I, on the otherhand love Tau and I gotta say that that is awesome!


----------



## Unforgiven302

Those barely pass the 3 color minimum some tournaments require. Not saying that is a bad thing, just making a comment... I will say it is very effective in its simplicity.


----------



## Marneus Calgar

I don't like it personally. The whole paint in the recesses bugs me, and personally, it would all look better if the entire model was in a shade of the recess colours. So, like a almost regal blue wash over the model, then the recess colour..


----------



## Astorath333

that is down right sexy!!!


----------



## dspadres

That is really nice. I've been thinking of possible color schemes for the Tau I've started and I just may use this as a starting point. 

I'm not one for painting camo so anything that lets me get out of it is win in my book.


----------



## Jereko

It is a nifty colour scheme for spray, red, blue. Not a personal favourite, but love the design. Tournament army in 1 week, yes please.


----------



## Deathscythe4722

Huh, they look like Tron Tau.

Tron Tau....Trau?


----------



## Brother Arnold

Darn it Deathscythe, why do Tau lend themselves to movie title puns so damn well?! Trau, Avatau...
BTW, just wait until they release Tau bikers for the new Codex. Tron armies will be possible if that happens.


----------



## D-A-C

Personally, as far as Tau Colour schemes go, I think it sucks.

I prefer the 'Tau' Tau Sept desert style scheme or the White / Blue one is great as well.





























I think those three are waaaayyy better.


----------



## MetalHandkerchief

Too glossy. Tau are supposed to have a composite feel (matte) to their armor.


----------



## Hooobit

I think its a good colour scheme for a Tau Cadre. It fits well with the "Tau look", it's simple but effective. All that is needed now are some stealth suits and a couple fire warriors. Perfect.


----------



## Marneus Calgar

D-A-C said:


> Personally, as far as Tau Colour schemes go, I think it sucks.
> 
> I prefer the 'Tau' Tau Sept desert style scheme or the White / Blue one is great as well.
> 
> 
> 
> 
> 
> 
> 
> 
> 
> 
> 
> 
> 
> 
> 
> 
> 
> 
> 
> 
> 
> 
> 
> 
> 
> 
> 
> 
> 
> I think those three are waaaayyy better.
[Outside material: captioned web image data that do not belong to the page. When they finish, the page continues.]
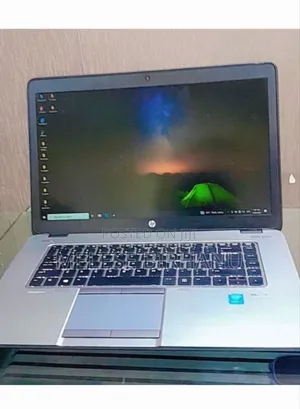 New Laptop HP EliteBook 850 G2 8GB Intel Core I5 SSD 1T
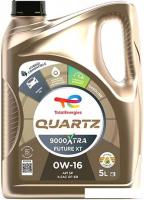 Моторное масло Total Quartz 9000 Xtra Future XT 0W-16 5л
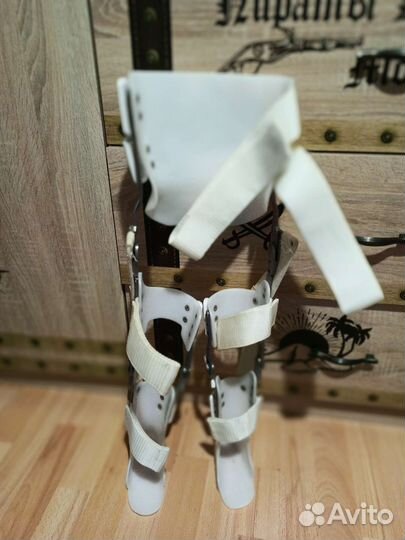 Аппарат на туловище и нижние конечности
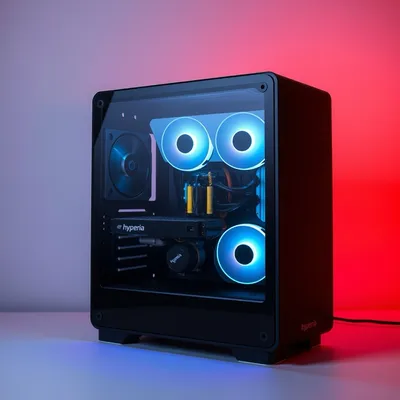 Hyperia Cubo 9 Max — Hyperia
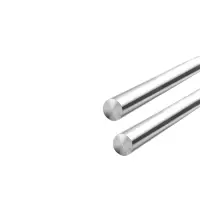 304不锈钢直条实心棒不锈钢圆棒直条圆条钢棒 Φ8mm*1m(10根)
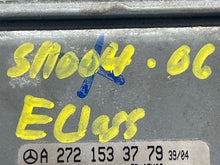 Load image into Gallery viewer, ECU ECM COMPUTER Mercedes E350 2006 06 - NW468452
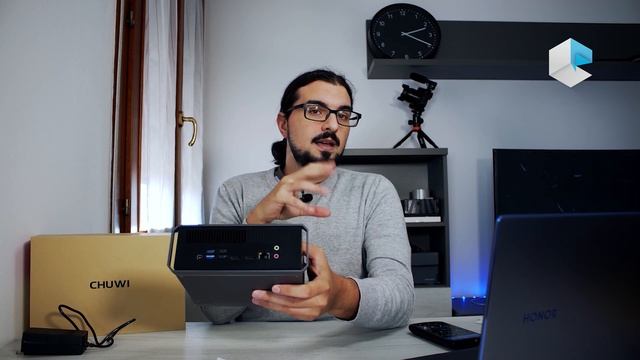 Recensione CHUWI Corebox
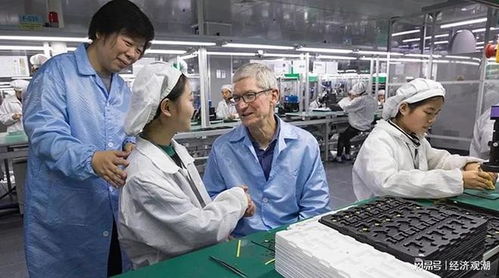 苹果为越南创造二十多万就业岗位,还将扩大在当地的供应链
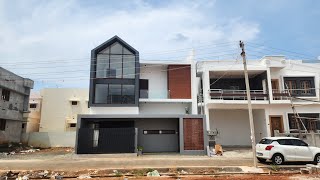 3BHK Luxury villa house for sale in Nagercoil VIP Garden with Theatre room 375 cent 2900 sqft [upl. by Llenoj]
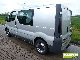 2006 Opel  Vivaro 1.9 CDTI Van or truck up to 7.5t Box-type delivery van photo 2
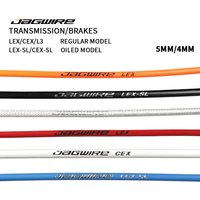 JAGWIRE 2-3meters MTB Road Bike Bicycle Derailleur Weaving Housing Tube Shifting Set For Shimano Sram Road Bike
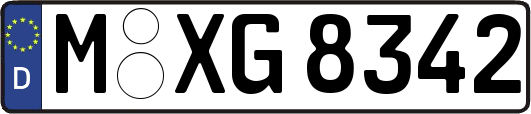 M-XG8342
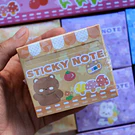 Caja de Stickers diseño para personalizar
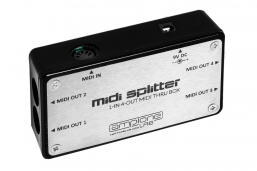MIDI Splitter unit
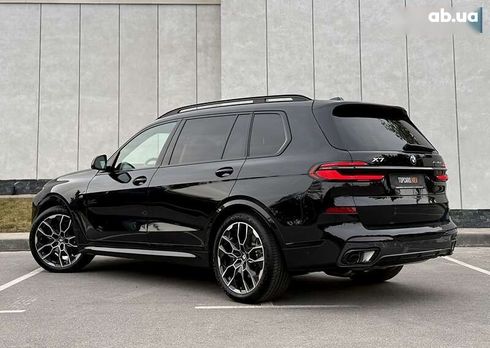 BMW X7 2024 - фото 8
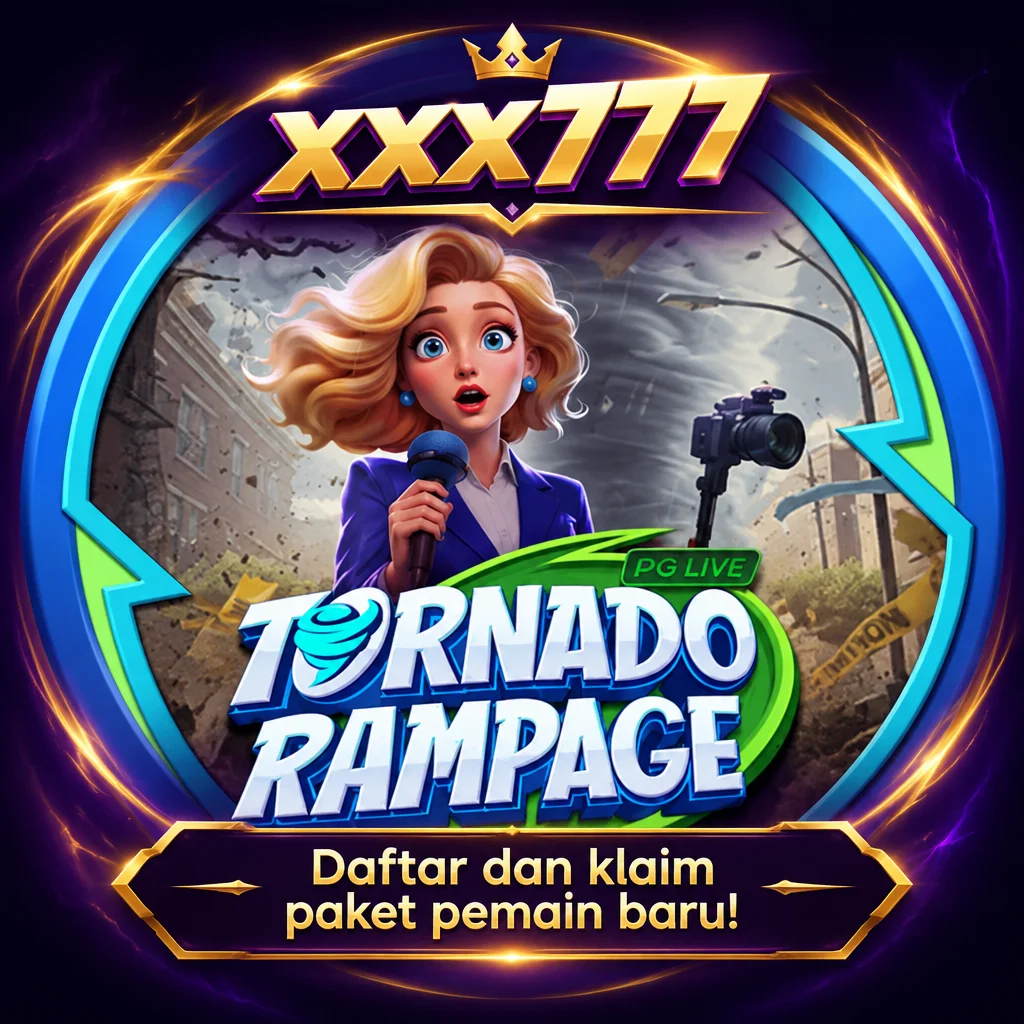 xxx777 · Tornado Rampg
Definitely, the white or green are my favourites. I used to have a dark green Tau, and it looks pretty awesome.


----------



## StalkerZero

Tron Tau is pure win. 

I cannot imagine how tedious it was to paint that same scheme on so many models without much variation but that person is a genius.


----------



## steamius

Honestly I dont like it. I prefer the main orange ones or the white ones.


----------



## WinZip

Well I like it because its an "outside the box" theme, Obviously most Tau people will say the normal sept schemes are better and that this is not "Tau like". Plus I thought it could inspire Tau players thinking of a scheme.


----------



## Djinn24

I am not a Tau player and i think it is a sloppy lazy paint job that was poorly pulled off if it is infact a Tron knock off.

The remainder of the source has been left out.